Le Pakistan vote pour des élections ternies par des violences et des soupçons de manipulations, encore renforcés par la décision du gouvernement de couper les services de téléphonie mobiles pour la journée.
Au moins sept membres des forces de sécurité ont été tués dans deux attaques distinctes dans le nord-ouest et le sud-ouest du pays, et d’autres petites explosions ont eu lieu dans cette dernière région faisant deux blessés, a annoncé la police.

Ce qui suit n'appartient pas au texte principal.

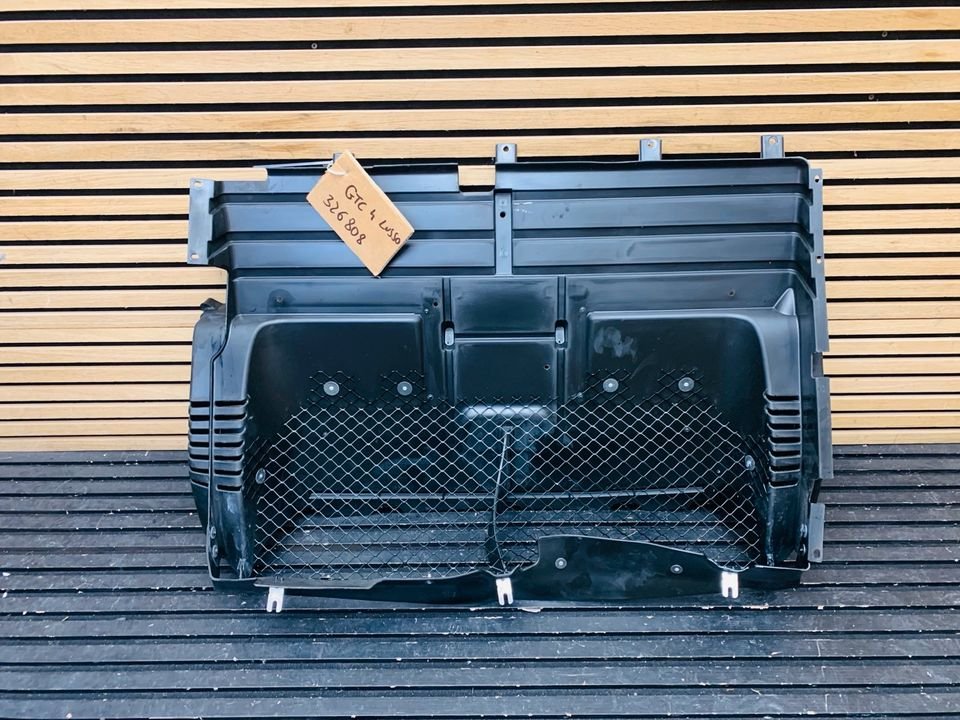 Ferrari GTC4Lusso radiator guide front radiator - Image 2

Le scrutin dans la république islamique avait été ensanglanté par la mort de 28 personnes, dans deux attentats à la bombe revendiqués par le groupe Etat islamique (EI) près des bureaux de candidats, dans la même province du Baloutchistan (sud-ouest).
Le ministère de l’Intérieur a annoncé, peu après l’ouverture des bureaux de vote, que les services de téléphonie mobiles étaient “temporairement suspendus” dans tout le pays pour des raisons de sécurité.
L’internet mobile est aussi coupé, a fait savoir Netblocks, une organisation qui surveille la cybersécurité et la gouvernance de l’internet.
Les bureaux de vote doivent fermer à 17H00 (12H00 GMT) pour les quelque 128 millions d’inscrits, dans un pays placé sous la surveillance de plus de 650.000 membres des forces de sécurité.
“Nous sommes venus à pied et sur une remorque tirée par un tracteur. Ca a été un très long et rude voyage”, a déclaré à l’AFP Ayesha Bibi, une femme au foyer votant à Multan (centre).
“Nous n’avons pas d’école dans notre village. Les jeunes filles doivent aller loin pour étudier. Les femmes sont sans emploi (…) Le gouvernement devrait nous donner du travail pour que nous puissions aider nos familles”, a-t-elle ajouté.
L’équité du scrutin a été mise en doute par avance. Le populaire Imran Khan, 71 ans, condamné à trois longues peines de prison, n’a pu se présenter. Et les observateurs estiment que l’armée soutient Nawaz Sharif, 74 ans, qui pourrait ainsi diriger le pays pour la quatrième fois.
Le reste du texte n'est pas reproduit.